TL;DR: I have virtually no knowledge of electrical engineering and I want to know if I can connect this ADC to a Raspberry Pi 3 and be able to read 15+ piezoelectric sensors at a very low latency (≤ 3ms)?
My electric drum module is starting to fart out and I'm trying to avoid spending hundreds of dollars on a new module. At the very least, I'm trying to make something that can detect the drum pads being struck and send the appropriate MIDI note to a computer. Eventually I might look into trying to use the Raspberry Pi (or comparable, more powerful system like the Orange Pi or one of the Pine64 boards) to generate sound too, but if that's impossible I'm okay with that.
The drum pads are just piezoelectric sensors (not sure on the voltage, though I can plug headphones straight into the pads and "hear" it being struck, if that helps.) Each pad plugs into a 1/4" cable (TS for single-zone pads, TRS for dual zone) which all snake together into a DB25, very much like this cable. Right now the kit has 15 channels (3x single-zone pads and 6x dual-zone pads), though I went for this 28-channel PIC16F1519 ADC since it's only a couple bucks anyway and that leaves a LOT of room for expansion. IIRC MIDI notes represent "velocity" (in this case, how hard the pad is struck) with only 7 bits (0-127), so a 10-bit ADC seems A-OK, unless again there's more to this than I know.

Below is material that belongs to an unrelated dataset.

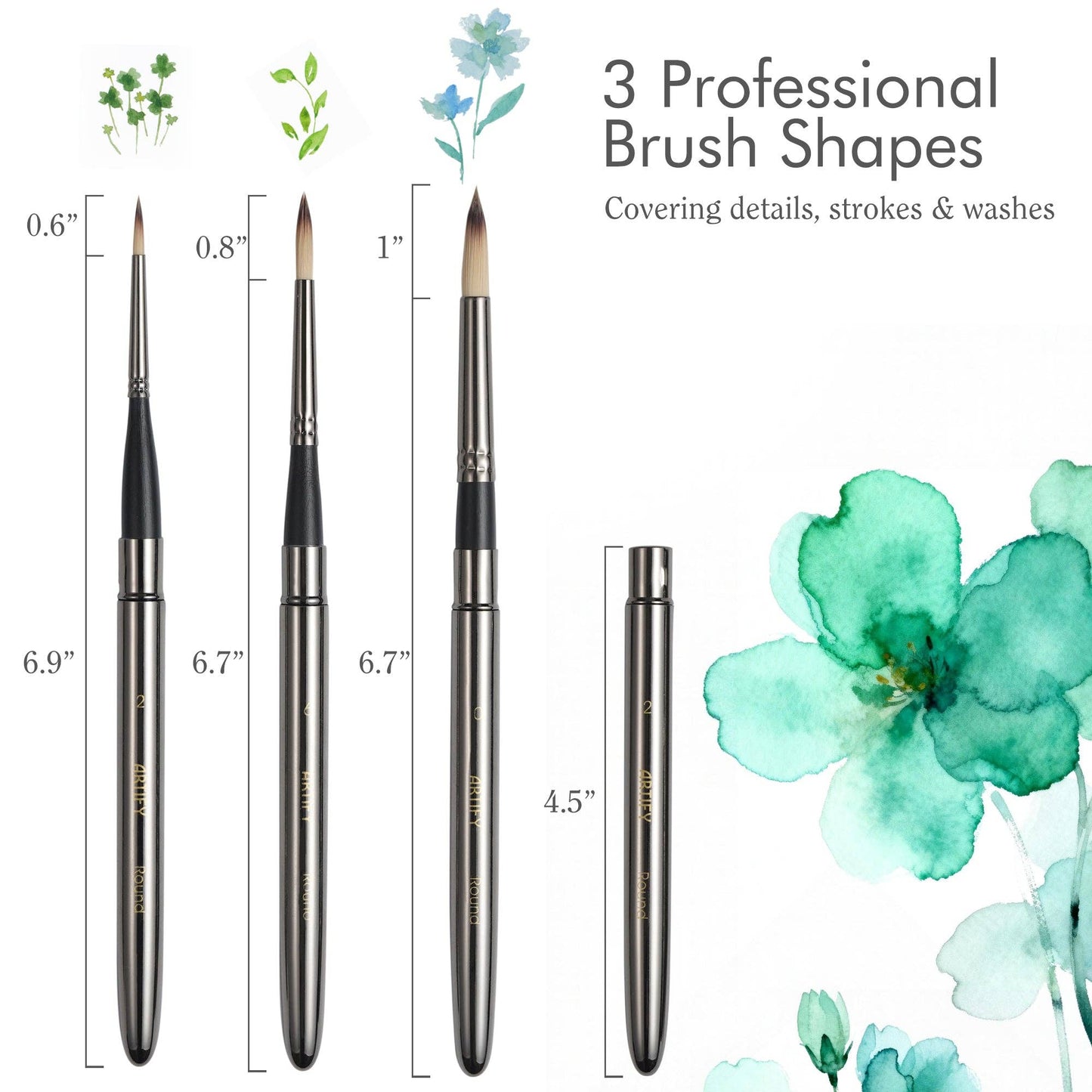 ARTIFY 3 PCS Travel Watercolor Brush Set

I'm just curious if it is possible for me to connect the ADC to the Raspberry Pi's GPIO and use it to "listen" to the piezo's at a reasonably low latency (no more than a couple of milliseconds, since I also need to consider sending MIDI notes and synthesizing sound on a computer), and if so, how hard would it be? Just soldering/plugging into a breadboard? Posts like this have me hopeful, but I just want to make sure. I'm familiar enough with C/C++ and Python that I could Google my way through writing the software side, but I'm simply too ignorant of how the hardware works.